**Work request**
Exact reproduction is required for the lines below starting at the line with "二档旋钮开关 LA38-11X/21自锁型 LA38/203 209B启动停止电源开关" and ending at the line with "ハイタイプ用こたつ掛け布団 225cm×280cm「長方形 135cm」用", both included. No other lines, and no pictures.

**Input data**
▼▼▼

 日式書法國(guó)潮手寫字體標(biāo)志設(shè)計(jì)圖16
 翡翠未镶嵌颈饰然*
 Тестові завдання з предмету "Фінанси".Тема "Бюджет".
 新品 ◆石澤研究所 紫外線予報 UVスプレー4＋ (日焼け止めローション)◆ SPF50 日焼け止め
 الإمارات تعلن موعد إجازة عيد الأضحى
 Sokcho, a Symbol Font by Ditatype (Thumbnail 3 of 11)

▲▲▲
▼▼▼

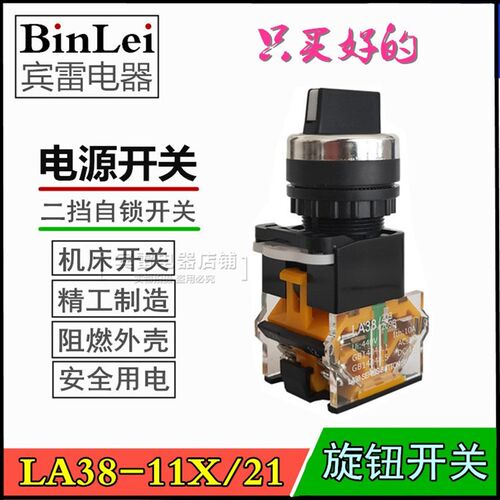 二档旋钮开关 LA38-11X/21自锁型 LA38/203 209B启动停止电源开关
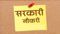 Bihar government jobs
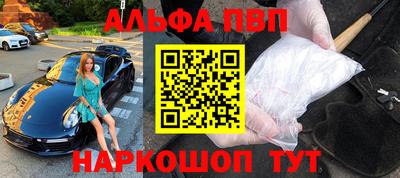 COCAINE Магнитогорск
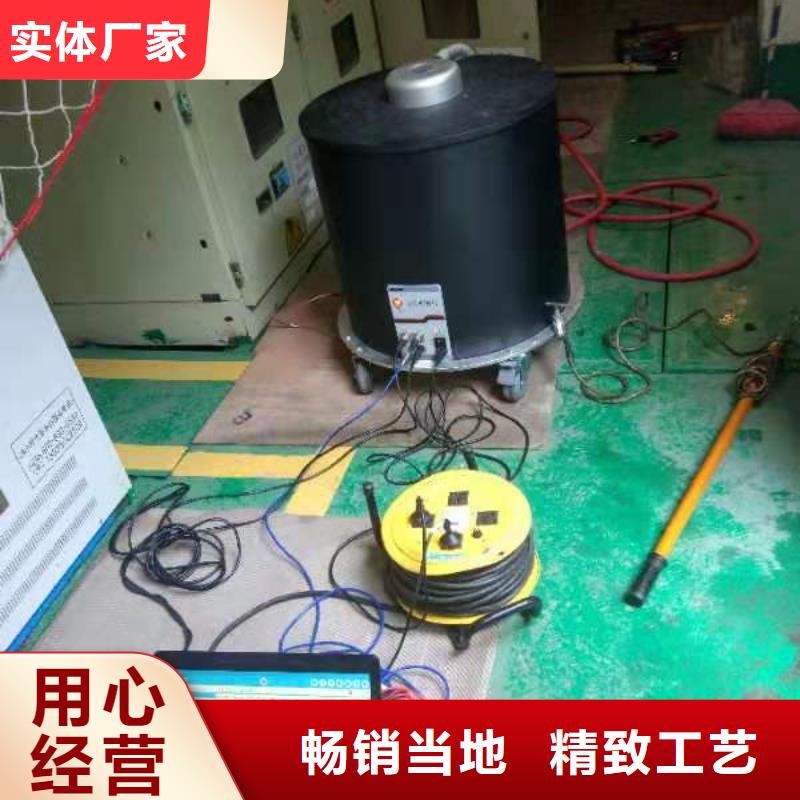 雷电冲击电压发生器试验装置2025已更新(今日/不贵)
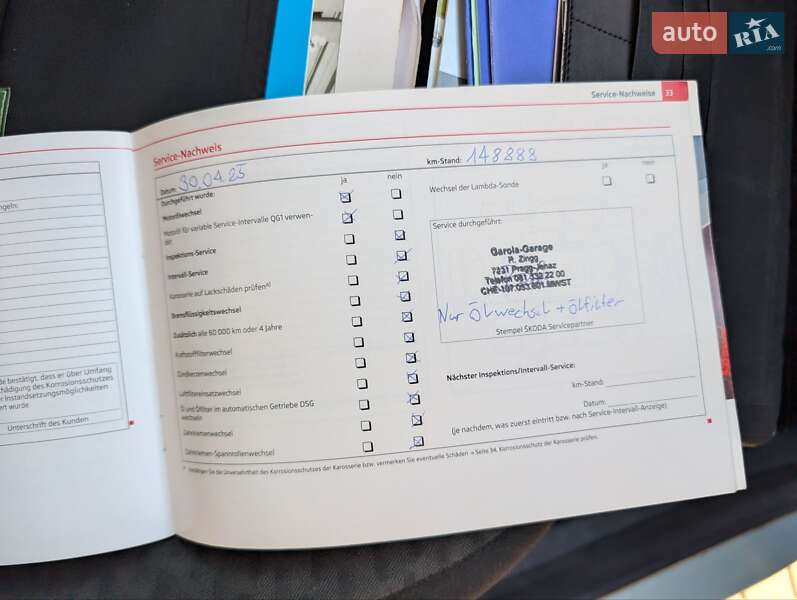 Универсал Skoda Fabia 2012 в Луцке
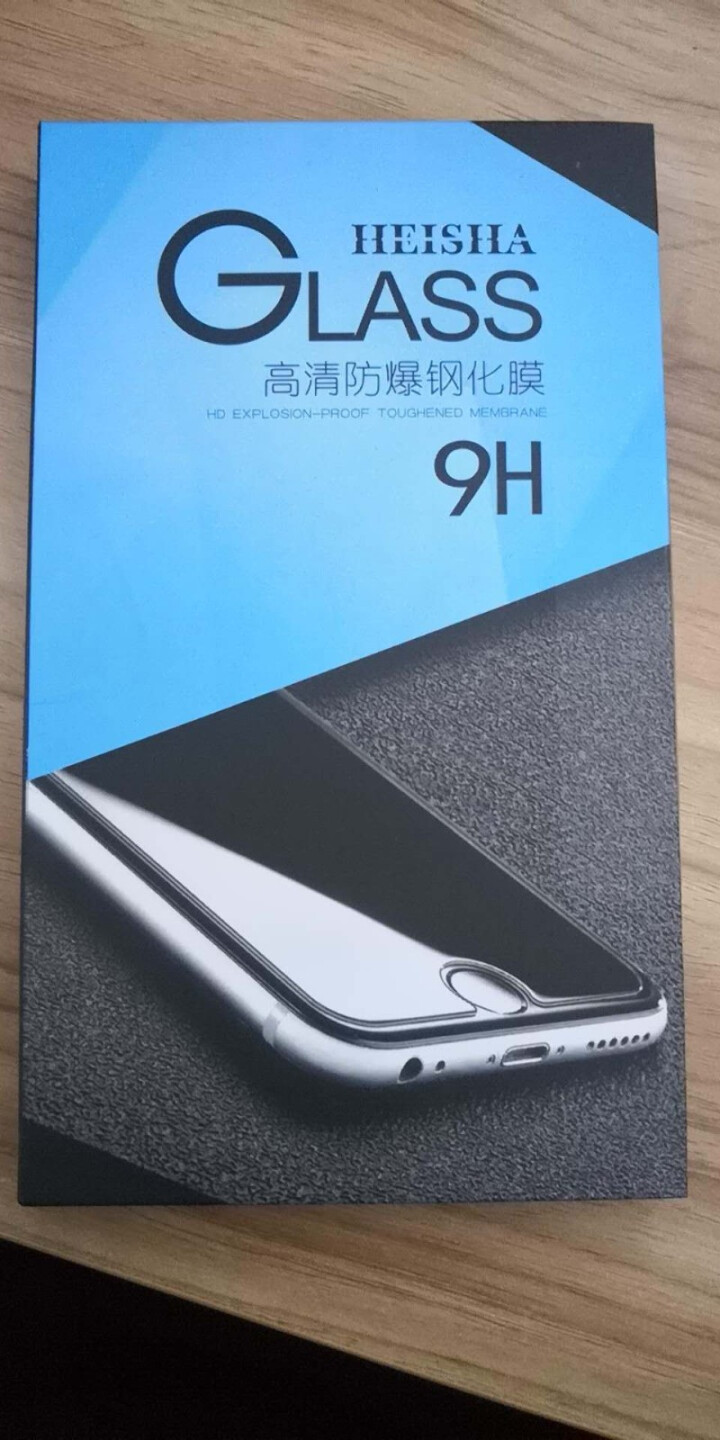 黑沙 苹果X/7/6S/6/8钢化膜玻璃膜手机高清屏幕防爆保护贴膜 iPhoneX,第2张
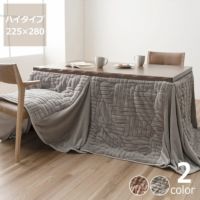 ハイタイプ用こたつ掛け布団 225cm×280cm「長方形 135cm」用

▲▲▲
▼▼▼

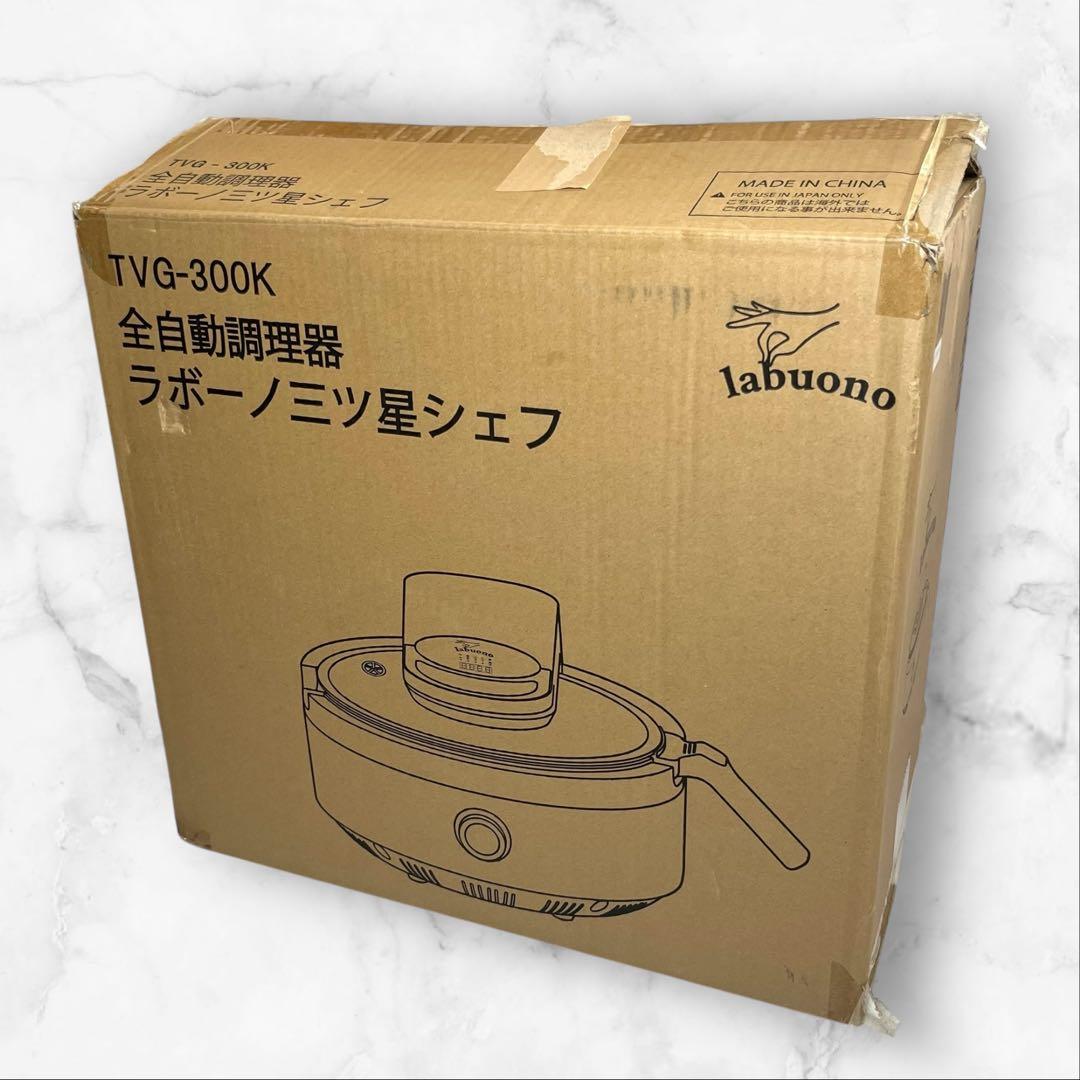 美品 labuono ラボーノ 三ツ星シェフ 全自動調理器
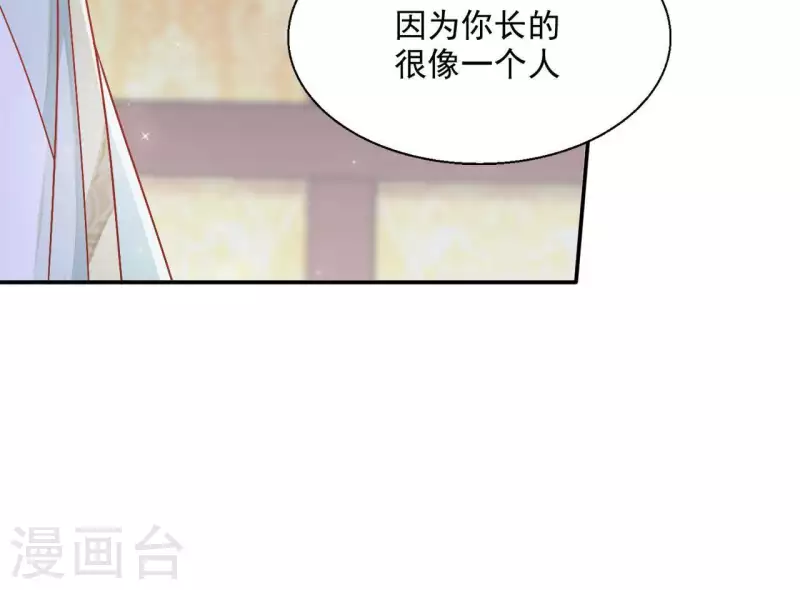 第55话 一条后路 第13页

▲▲▲

**Answer section**
 二档旋钮开关 LA38-11X/21自锁型 LA38/203 209B启动停止电源开关
 Bihar government jobs
 COCAINE Магнитогорск
 雷电冲击电压发生器试验装置2025已更新(今日/不贵)
 Универсал Skoda Fabia 2012 в Луцке
 黑沙 苹果X/7/6S/6/8钢化膜玻璃膜手机高清屏幕防爆保护贴膜 iPhoneX,第2张
 ハイタイプ用こたつ掛け布団 225cm×280cm「長方形 135cm」用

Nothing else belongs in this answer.